Editor’s Note: This is part of a series of Q-and-A’s with UT’s deans. Manuel J. Justiz is dean of the College of Education. He assumed the position in 1990.
Daily Texan: Could you start off by telling us about the most interesting projects going on in the College of Education?
Dean Justiz: We are the largest college of education in the country in size. We are a non-traditional school, meaning that we are very performance-based with a heavy emphasis on student performance and research. If you look at our national rankings, we were ranked number one among publics for four years in a row. We have been ranked number one in research expenditures among public and private [universities] for five or six years. We place heavy emphasis on being interdisciplinary.

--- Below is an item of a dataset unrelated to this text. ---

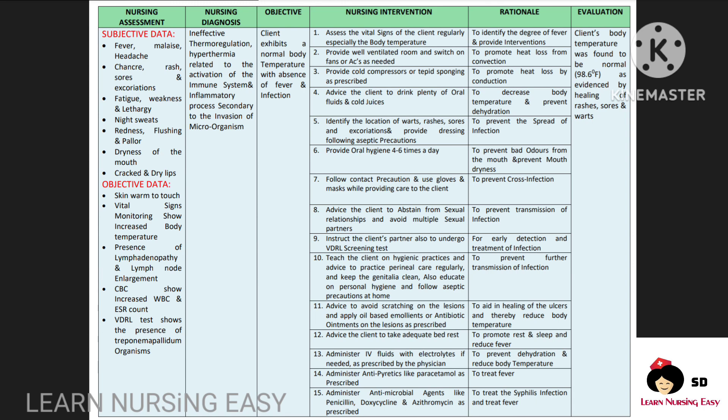Next, patients with syphilis will have fever, night sweats, and chills. I made a diagnosis: ineffective thermoregulation — hyperthermia related to activation of immune system and inflammatory process secondary to invasion of microorganism. Our goal is to maintain a normal body temperature. In intervention, you will be monitoring the vital signs regularly so that according to the degree of fever we can provide intervention. A well-ventilated room should be given in order to promote heat loss. Cold compress and tepid sponging are given in order to promote heat loss.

We are cofounders of the UTeach program within the Natural Sciences [college] preparing math and science teachers. We’re also cofounders with Cockrell [School of Engineering] on UTeach engineering. Those are examples of some collaborative efforts. We took the lead with Governor Richards on STEM initiatives. At her request, we developed the only proposal for the entire state on STEM education. We’re working with Governor Abbott’s office on their current education initiative. Internally, we have the Office of Educational Research to improve the participation of faculty, and we have the third highest research expenditure at the University, which is strange for a college of education. It’s a very large college with a comprehensive mission, but we are very proud.
DT: What percentage of undergrad students go into graduate school immediately versus going into teaching?

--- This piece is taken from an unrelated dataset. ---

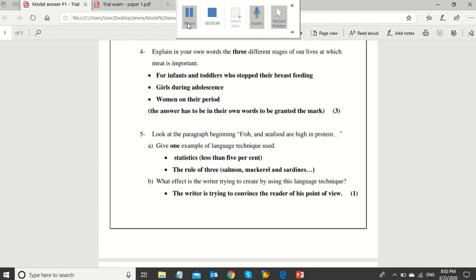In question 5, look at the paragraph beginning: fish and seafood are high in protein. Give one example of the language technique used and what is the effect the writer is trying to create by using this language technique. As we explained at the beginning, there are many techniques that can be used by the writer to persuade readers. In this phrase, the writer used... try to find it.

Justiz: Our undergraduate population are the ones wanting to be teachers. Probably 85-90 percent of undergrads go on to teach. The rest are going to graduate school. We have 100 percent job placement and have a 100 percent pass rate in our Teacher Certification Exam. I think a lot of our graduates will come back after a few years for graduate programs.
DT: You are the first dean we’ve talked to that has mentioned working with gubernatorial administrations. Is that something the college tries to initiate or do those different administrations reach out to you?
Justiz: They reach out to us. I think that speaks to how well regarded the college is. I’ve been here 25 years, I’m the senior dean at UT. When I came here, the first initiative we had came from Governor Richards, with whom I traveled extensively and visited schools. She chose our STEM proposal to send to a federal level. We’re being asked to take the lead on Governor Abbott’s initiative. We don’t look inward, we look outward.
DT: What brought you to UT and what are the biggest changes you’ve seen in your time here?
Justiz: When I was selected in a national search for a dean, I had been in a subcabinet post heading up the Research Agency in Education in Washington. I came to UT because it was a great opportunity. I fell in love with Austin and UT. It has been a great privilege for me to be a dean at the university.
When I came, the college was under review. There were questions about academic integrity and the quality of our degrees. I felt this place could only go up. It was a low-risk situation. If I could build a team of people with the same vision, I knew I could improve the college and help it fulfill its promise. It is a work in progress, there are still problems and we need to make sure the leadership team is always working together. I’ve probably hired 92 percent of the college faculty by now.
DT: Have you seen any changes in the types of students coming into the college?
Justiz: When we started, most of our graduates were going into teacher education. Kinesiology has grown. Less people are going into teacher education and more into the health sciences.That isn’t so different from the rest of the university.
DT: How large of a role does diversity play in your college?
Justiz: Anywhere from 40 to 50 percent of minority graduates at UT graduate with a degree in education, and we have a strong, diverse faculty. In fact, I was the first minority dean in the history of the university.
DT: What do you think will be the next big change in education?
Justiz: We’ve been talking about creating a unique marriage between pedagogy and content in education through gaming. How do we bring the best facets of gaming to teaching and learning? How do we build that into a challenging curriculum that really engages you? How do you bring these practices in without compromising the integrity of the content? We think we need a public-private partnership to do this, but those are the kind of discussions we are having.